Now, the Daily Mail has compiled a list, so to speak, of all the panel members who have publicly spoken out this weekend and pointed out that the committee has collected and presented more than enough evidence for the Department of Justice to move forward with a criminal investigation into indicting ex-President Donald Trump.

Committee member Rep. Adam Schiff said, “I would like to see the Justice Department investigate any credible allegation of criminal activity on the part of Donald Trump or anyone else.”

“They need to be investigated if there’s credible evidence, which I think there is,” Schiff later added.

Throughout the hearing, lawmakers have pointed out that the violent Capitol attack was “no accident,” but rather “Trump’s last stand” in a desperate attempt to overthrow Joe Biden’s election win and scheme his way back into the White House for a second term that wasn’t rightfully his.

And, as it stands, the hearings aren’t even over yet. Additional evidence against the corrupt ex-president will be revealed this week throughout the second leg of the bombshell public hearings, which committee members say will expose Donald Trump and his advisors’ “massive effort” to spread blatant lies and misinformation across the nation and heavily pressure the Trump DOJ to embrace his Big Lie and act accordingly.

Many committee members were unanimous in their opinion that their most important viewer throughout this hearing is likely Biden Attorney General Merrick Garland — and none of them were shy in their own opinion on whether or not the evidence they’ve compiled is sufficient for an investigation and indictment into the disgraced, one-term, twice-impeached ex-president.

“‘Once the evidence is accumulated by the Justice Department, it needs to make a decision about whether it can prove to a jury beyond a reasonable doubt the president’s guilt or anyone else’s,” Schiff stated.

Schiff seemingly took a thinly-veiled jab at Garland when he stated that there were “certain actions” and “lines of effort to overturn the election” that he did not “see evidence the Justice Department is investigating.”

Rep. Jamie Raskin, on the other hand, said he won’t “browbeat” Garland or the DOJ, but made it clear that he believes the evidence speaks for itself against Donald Trump.

“I think that he knows, his staff knows, the U.S. attorneys know, what’s at stake here,” Raskin stated. “They know the importance of it, but I think they are rightfully paying close attention to precedent in history as well, as the facts of this case.”

Rep. Elaine Luria has also spoken out and hinted that the forthcoming will highlight Donald Trump’s “dereliction of duty.”
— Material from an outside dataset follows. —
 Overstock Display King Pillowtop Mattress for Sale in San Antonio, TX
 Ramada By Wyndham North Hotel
“You know, it’s been reported previously that the phone logs at the White House on that day. They’re missing information,” Luria said, referencing the documented 187-minute window between the time Trump’s rioters breached the Capitol building and the time that Donald Trump finally called his rabis supporters to stand down.

“We’ve pieced together a very comprehensive tick tock timeline of what he did. And then 187 minutes, you know, this man had the microphone; he could speak to the whole country. His duty was to stand up and say something and try to stop this,” Elaine said. “So, we’ll talk about that and what I see to be his dereliction of duty, and he had a duty to act.”
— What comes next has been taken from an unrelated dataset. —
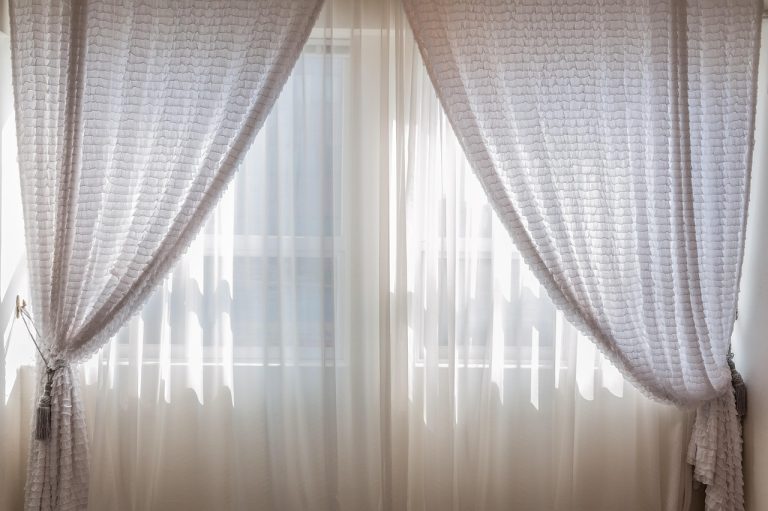 ce inseamna draperie blackout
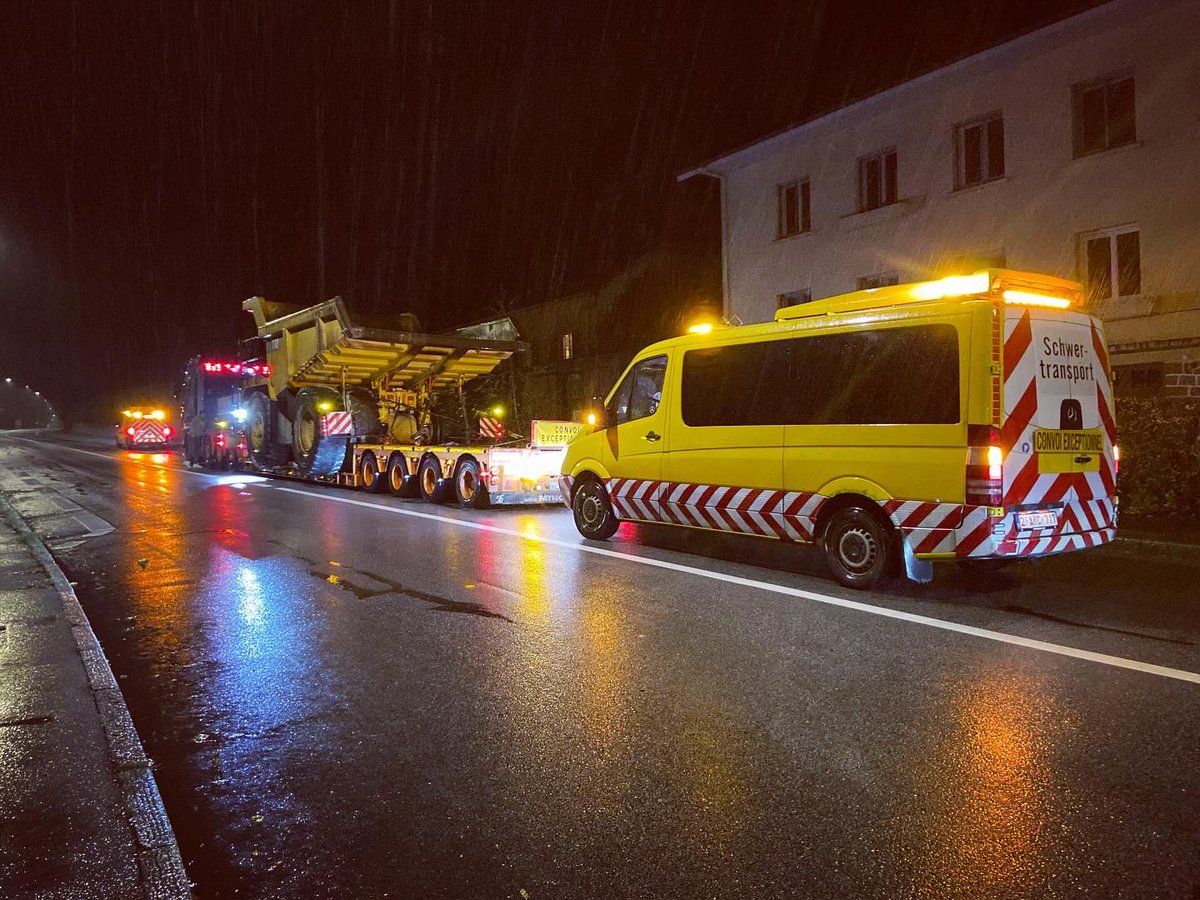 BelgoPilotsBE's tweet photo. Escorting abnormal loads is always a bit of traveling. 😎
Rep. Adam Kinzinger, a staunch anti-Trump Republican and committee member, said, “Let me tell you my belief that I can say right now, the president absolutely tried to overthrow the will of the people and he tried to do it initially through misinformation, through the Department of Justice, through pressuring the Vice President, and then on January 6.”

“And so I think it’s pretty obvious he knew, but he didn’t want to lose.”

Kinzinger later added, “If the president truly believed that, for instance, he’s not mentally capable to be president.”

AG Garland has not specifically confirmed how he will proceed with regard to the ex-president, despite widespread backlash throughout the nation for a perceived lack of action against Donald Trump. However, during his speech at Harvard University’s commencement ceremony last month Garland said, “We will follow the facts wherever they lead.”

In March, a federal judge in California ruled in a civil case that ex-President Trump “more likely than not” committed federal crimes in his efforts to obstruct the congressional count of the Electoral College ballots on Jan. 6, 2021.